While multiple people have been working on finer-grained control over fast-math optimizations and other relaxed numerics modes, there has also been some initial progress on adding support for more constrained numerics models. There has been considerable progress towards adding and enabling constrained floating-point intrinsics to capture FENV_ACCESS ON and similar semantic models.
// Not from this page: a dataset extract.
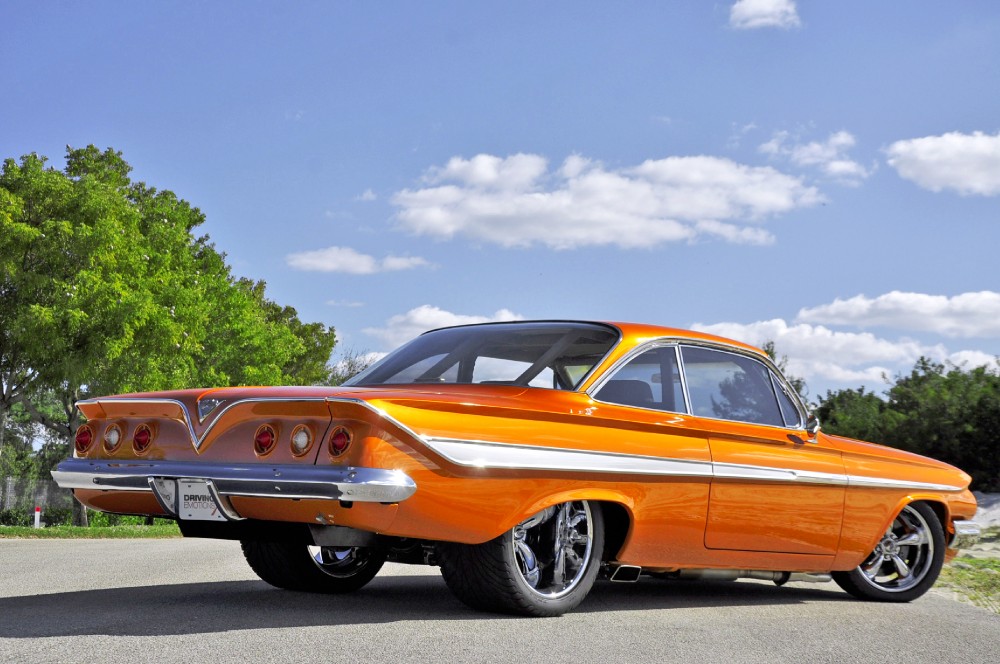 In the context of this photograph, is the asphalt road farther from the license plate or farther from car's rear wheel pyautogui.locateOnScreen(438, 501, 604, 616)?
the license plate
These experimental constrained intrinsics prohibit certain transforms that are not safe if the default floating-point environment is not in effect. Historically, LLVM has in practice basically “split the difference” with regard to such transforms; they haven’t been explicitly disallowed, as LLVM doesn’t model the floating-point environment, but they have been disabled when they caused trouble for tests or software projects. The absence of a formal model for licensing these transforms constrains our ability to enable them. Bringing language and backend support for constrained intrinsics across the finish line will allow us to include transforms that we disable as a matter of practicality today, and allow us to give developers an easy escape valve (in the form of FENV_ACCESS ON and similar language controls) when they need more precise control, rather than an ad-hoc set of flags to pass to the driver.

We should discuss these new intrinsics to make sure that they can capture the right models for all the languages that LLVM supports.
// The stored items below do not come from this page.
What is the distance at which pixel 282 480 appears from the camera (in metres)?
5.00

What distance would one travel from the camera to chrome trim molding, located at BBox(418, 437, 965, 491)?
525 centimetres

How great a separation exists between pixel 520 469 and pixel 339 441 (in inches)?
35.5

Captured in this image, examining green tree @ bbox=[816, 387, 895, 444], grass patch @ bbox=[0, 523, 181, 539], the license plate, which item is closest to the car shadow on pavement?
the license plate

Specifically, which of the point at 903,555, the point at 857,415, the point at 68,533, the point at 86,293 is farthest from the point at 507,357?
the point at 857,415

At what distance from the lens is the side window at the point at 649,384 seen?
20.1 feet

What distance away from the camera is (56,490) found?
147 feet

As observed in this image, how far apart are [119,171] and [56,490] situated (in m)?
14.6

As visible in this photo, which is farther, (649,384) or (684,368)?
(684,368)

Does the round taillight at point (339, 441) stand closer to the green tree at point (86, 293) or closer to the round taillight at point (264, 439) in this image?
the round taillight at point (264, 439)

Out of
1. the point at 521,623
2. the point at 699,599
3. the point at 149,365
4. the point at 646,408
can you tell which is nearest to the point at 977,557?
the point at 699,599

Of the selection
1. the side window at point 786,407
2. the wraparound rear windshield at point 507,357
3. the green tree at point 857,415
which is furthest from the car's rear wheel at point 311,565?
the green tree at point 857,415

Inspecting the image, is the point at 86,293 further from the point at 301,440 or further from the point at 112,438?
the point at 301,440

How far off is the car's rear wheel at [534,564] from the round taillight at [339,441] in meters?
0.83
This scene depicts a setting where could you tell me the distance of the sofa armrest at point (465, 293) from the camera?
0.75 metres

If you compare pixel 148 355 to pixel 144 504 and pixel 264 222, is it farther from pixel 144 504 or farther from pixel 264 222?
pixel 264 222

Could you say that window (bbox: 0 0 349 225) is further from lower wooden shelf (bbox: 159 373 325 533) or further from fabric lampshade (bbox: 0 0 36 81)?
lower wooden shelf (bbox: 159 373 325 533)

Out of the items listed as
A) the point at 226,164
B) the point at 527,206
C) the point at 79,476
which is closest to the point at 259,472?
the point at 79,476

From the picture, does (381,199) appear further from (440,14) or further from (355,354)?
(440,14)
Here are some possible discussion items:

  • Should specialization be applied at the call level for edges in a call graph where the caller has special context to extend into the callee wrt to flags?
  • Should the inliner apply something similar to calls that meet inlining criteria?
  • What other part(s) of the compiler could make use of IR flags that are currently not covered?
  • What work needs to be done regarding code debt wrt current areas of implementation.